Caffeine Content 5.4% more than other beans.

Read: White coffee health benefits

White Coffee Origin

White coffee has its origins in exactly the same roasted beans as any other coffee bean, be it a blonde roast, a light roast, medium roast and even a fully roasted coffee taken to the darkest of dark roasts – they start off a green coffee beans, usually of the Arabica variety due to being more full of flavor than a robusta coffee bean.

They are roasted to a white roast level to produce a specific taste and flavor profile and are not to be mistaken with the unique Malaysian white coffee or Indonesian white coffee, also known as Kopi Puti or Koffee Puti locally. This is a type of coffee that is roasted with margarine and salt and when brewed mixed with sweetened condensed milk to produce a tasty, sweet white coffee.

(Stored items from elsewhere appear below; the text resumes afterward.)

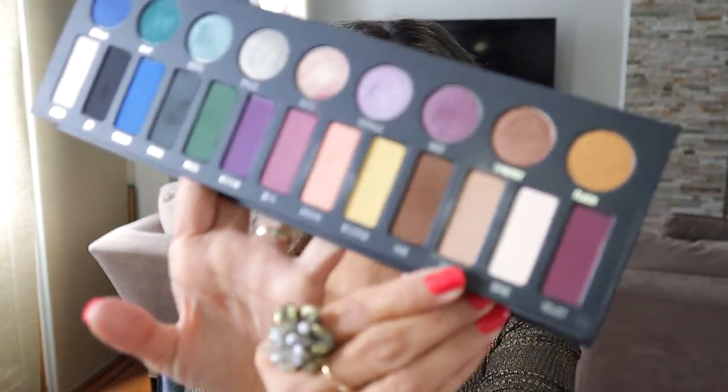I'll be doing my eyebrows and I'm still using the Benefit Goof Proof pencil — I'm going to go ahead and fill those in. Once the eyebrows are set, I'm going to grab the Kat Von D Metal Palette. I'll be using the color Suede and putting that all over my lid.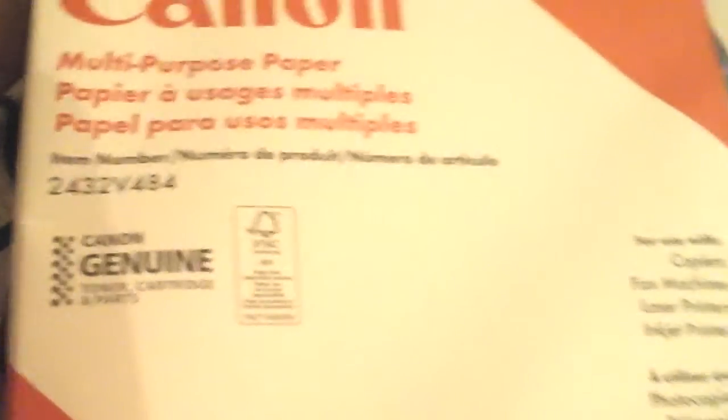After that we have a divider with all the color tabs. After that I have multi-purpose paper — I bought it for binder use — I'm just gonna put it back because it's pretty heavy. After that we have bond paper. That's all we had for bag number two. Let's move on to bag number three.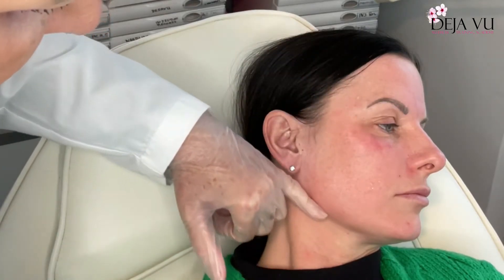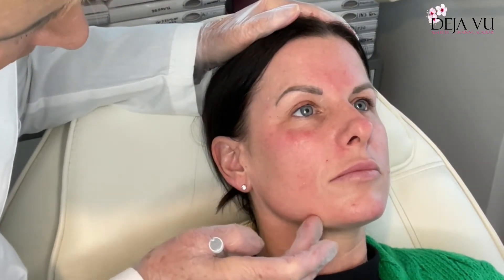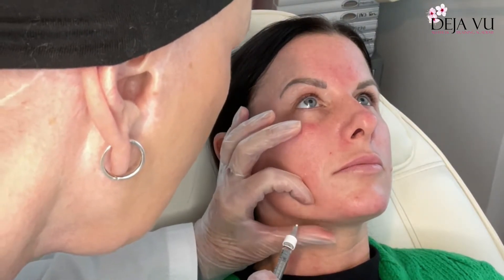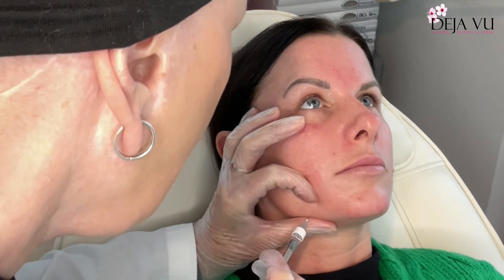As you can see now, she has got more shape there — it's more square. Moving on, as you get older you get a deficit just here, so you've got a hill, a valley, then it comes back out to a hill again. In order to make the jawline strong, I'm going to do three little injections — put the thumb underneath, down to the bone.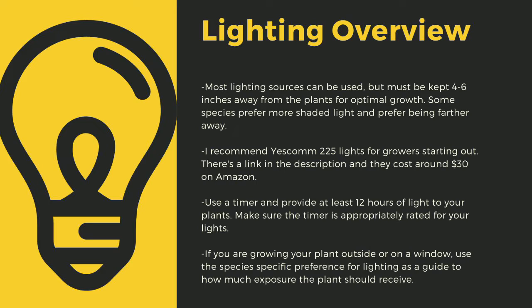Going under 12 hours of light can stress certain tropical plants. Like climate shifts, this can lead to decreased immune function. Even plants like to sleep, and some like Biblis only digest prey at night. If you are growing your plants outside or on a window, use the species-specific lighting preference later in this video as a guide to how much exposure the plant should receive.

The method of specifically roasting coffee to produce a half roast that is almost white from the original green coffee bean dates back to the 19th century in Yemen where it is enjoyed with a mix of herbs called Hawaiij, which is made up of cardamom, black pepper, cumin and turmeric.

The enjoyment and roasting of white beans with the specific purpose of coaxing out a nutty flavor dates to the late 1950s to early 1960s in America and became popular from around 2015 onwards.

What Is White Coffee
What Is White Coffee

White Coffee Vs Blonde Roast

White coffee and blonde roast often get confused and mistaken with each other. These are two distinctly different coffees that share many characteristics.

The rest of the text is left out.